Truss’s fall thus appears to have resulted from a clash between what economists call fiscal dominance (the government’s spending promises) and monetary dominance (the central bank’s price-stability mandate). And this time monetary dominance won out, because a new narrative about government profligacy and political responsibility has gripped financial markets, replacing the MMT-infused narrative about the beneficence of public spending and deficits.
But thinking about what happened to Truss in terms of clashing fiscal and monetary policies misses an important and surprising part of the story: the vulnerability of a key part of the UK financial sector to rising interest rates and falling bond prices.

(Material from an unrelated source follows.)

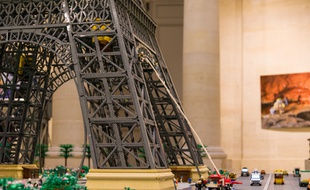 Il a fallu 150.000 pièces pour construire cette tour Eiffel de 5,20 m de haut pour l'expo Lego «Ciné en briques».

The pension-funds industry, committed to paying out on defined-benefits policies, had leveraged its holdings of government debt in order to chase higher returns. If the price of public debt fell because of a rise in interest rates, the funds faced collateral calls. And now, UK pension funds, holding some £1.5 trillion in this kind of scheme, faced a shortage of bonds that could be easily sold. The BOE’s intervention explains the odd shift in government debt prices, with prices for index-linked or inflation-proofed securities falling more than those for regular securities simply because pension funds held so many indexers. Rather than fiscal or monetary dominance, this was financial dominance, with pension obligations paralyzing policy choices.
This trap had been set a generation ago, by the UK Pensions Act of 2004, which was intended to provide greater security or protection for pension-holders by making it harder for pension funds to hold equities. The funds thus had to move into bonds – and into the leveraging strategies, which depended on the bond markets always being liquid. The risk and policy constraints that this created are a much more compelling rebuke to central bankers and financial regulators than the idea of a politicized intervention in October 2022. The fact that the BOE was not directly responsible for financial regulation back in 2004 is a rather feeble excuse.

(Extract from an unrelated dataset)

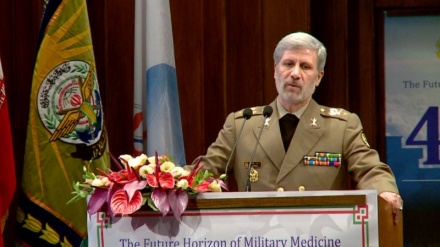 Irán llama a combatir la hegemonía estadounidense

There was a clear failure by regulators and the broader policy community to identify a mechanism that laid a trap for governments. Truss triggered a peculiarly British mine that might have detonated at any point over the past decade. There may well be other mines out there, in other financial systems. Truss’s failure means that fiscal populism, shared by her predecessor, Boris Johnson, is now ruled out in Britain. But it is also now more dangerous elsewhere. Politicians are no longer free to make big wagers on the future.